> THE TASK
Your answer should hold only the lines from the one with "A close-up of" through the end of the records, repeated exactly and minus any pictures.

Captioned web images
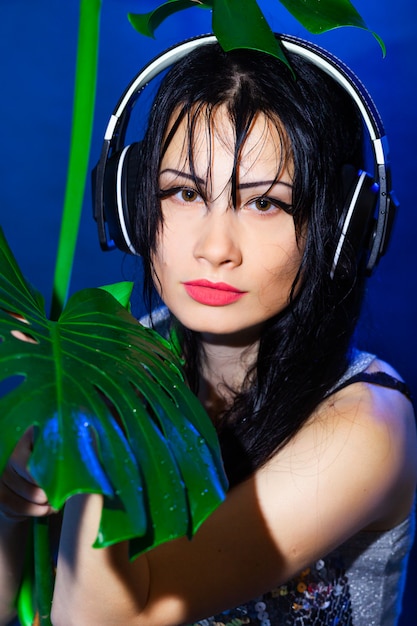 Dj com fones de ouvido com folhas tropicais verdes de monstera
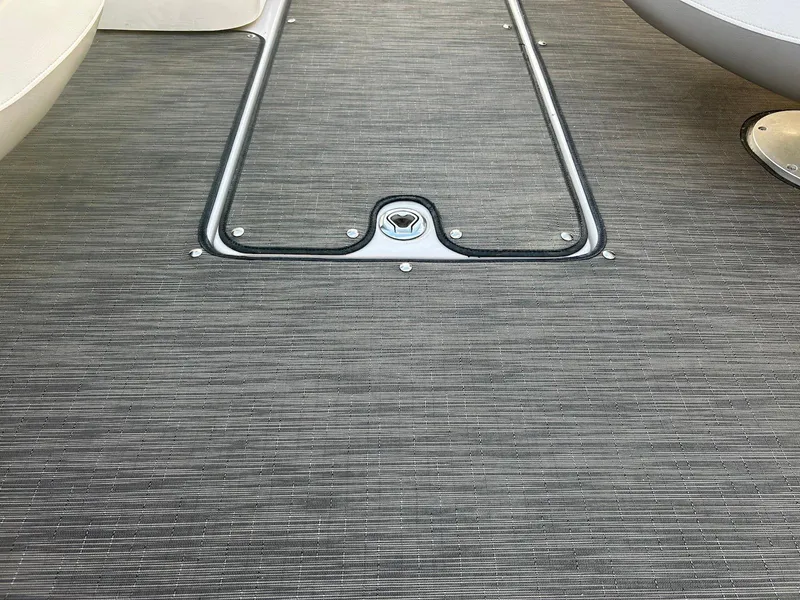 Slide: The Image of 2018 Four Winns HD220 boat deck with textured flooring and metal trim. - 26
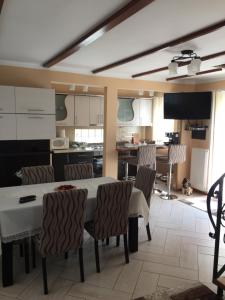 a kitchen and dining room with a table and chairs at Casa Roman in Vişeu de Sus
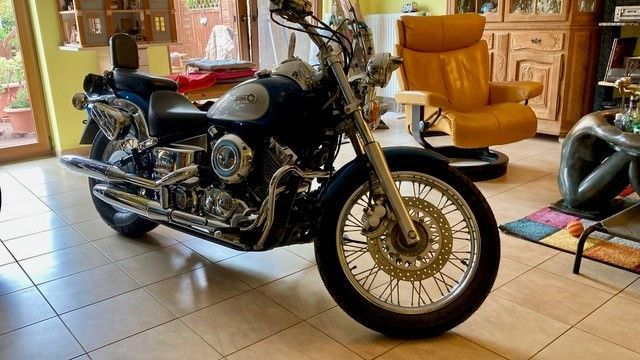 In einem Wohnzimmer ist neben einem Stuhl ein Motorrad geparkt.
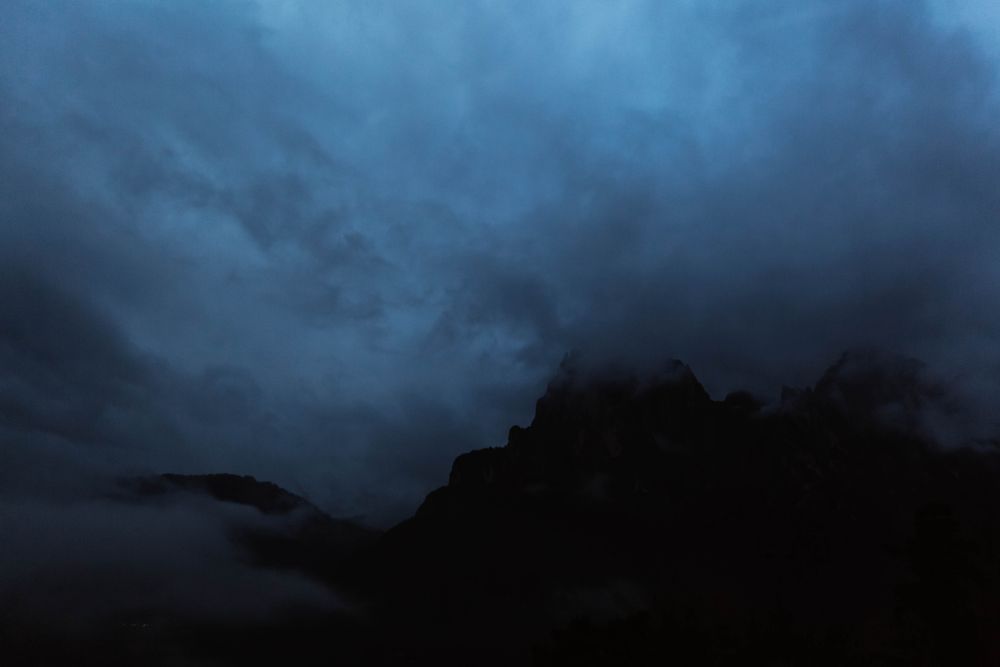 Big mountains near pine forest on cloudy weather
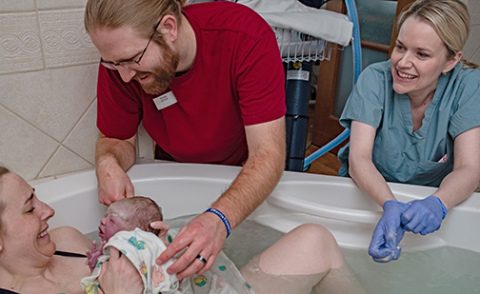 Elizabeth Mollard (right) assists with a water birth at St. Elizabeth Regional Medical Center in Lincoln on March 10, 2022. (Photo by Leslie Moon/Novita Birth Stories)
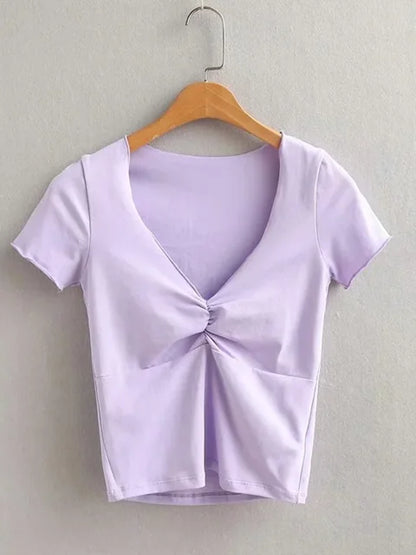 Camiseta ajustada suave y elástica con cuello en V para mujer con costura bajo el busto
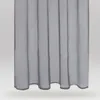 A close-up of a gray, sheer curtain with vertical pleats. Anteprima dell’immagine prodotto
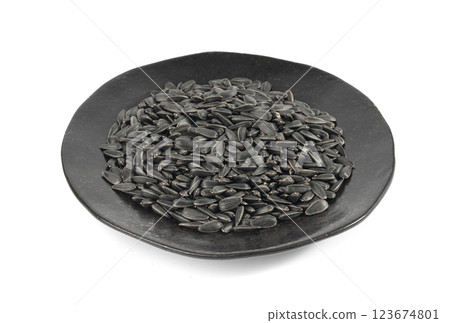 Sunflower seeds pile isolated, black oil sun flower grains group with shell, fresh edible oil seeds heap Sunflower seeds pile isolated, black oil sun flower grains group with shell, fresh edible oil seeds heap 123674801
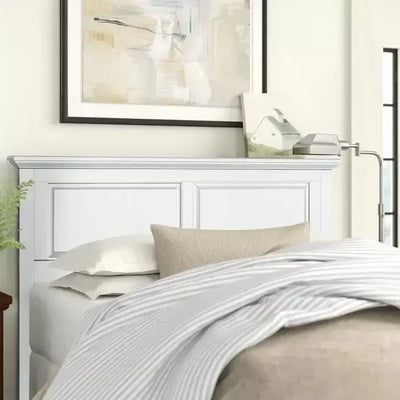 Cottage style white headboard in a cozy bedroom setting with soft bedding and modern decor.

> ANSWER SPACE
 A close-up of a gray, sheer curtain with vertical pleats. Anteprima dell’immagine prodotto
 Sunflower seeds pile isolated, black oil sun flower grains group with shell, fresh edible oil seeds heap Sunflower seeds pile isolated, black oil sun flower grains group with shell, fresh edible oil seeds heap 123674801
 Cottage style white headboard in a cozy bedroom setting with soft bedding and modern decor.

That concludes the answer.